How things have changed! As is shown by the agenda of my governor, Rick Scott, science and mathematics are everything and the humanities nothing. He wants to get anthropology out of the universities – although I have heard it plausibly suggested that the real agenda there is anti-evolution – and I suspect that if he ever heard of the classics or philosophy, they would be added to the hit list.

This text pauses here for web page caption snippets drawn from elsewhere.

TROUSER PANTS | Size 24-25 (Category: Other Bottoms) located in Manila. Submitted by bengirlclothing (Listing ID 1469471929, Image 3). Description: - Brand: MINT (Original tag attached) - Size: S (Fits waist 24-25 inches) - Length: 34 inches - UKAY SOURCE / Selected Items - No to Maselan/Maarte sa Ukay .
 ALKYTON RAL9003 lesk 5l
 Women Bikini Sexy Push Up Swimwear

In today’s climate, I suppose this is all to be expected. But I am truly getting a bit sick of scientists doing Rick Scott’s work for him. I am used to uninformed comments like that of my colleague, Nobel Prize winner Harry Kroto, when he says things like: “Science is the only philosophical construct we have to determine TRUTH with any degree of reliability.” What on earth does he think is the status of that particular statement? From which branch of science is it drawn?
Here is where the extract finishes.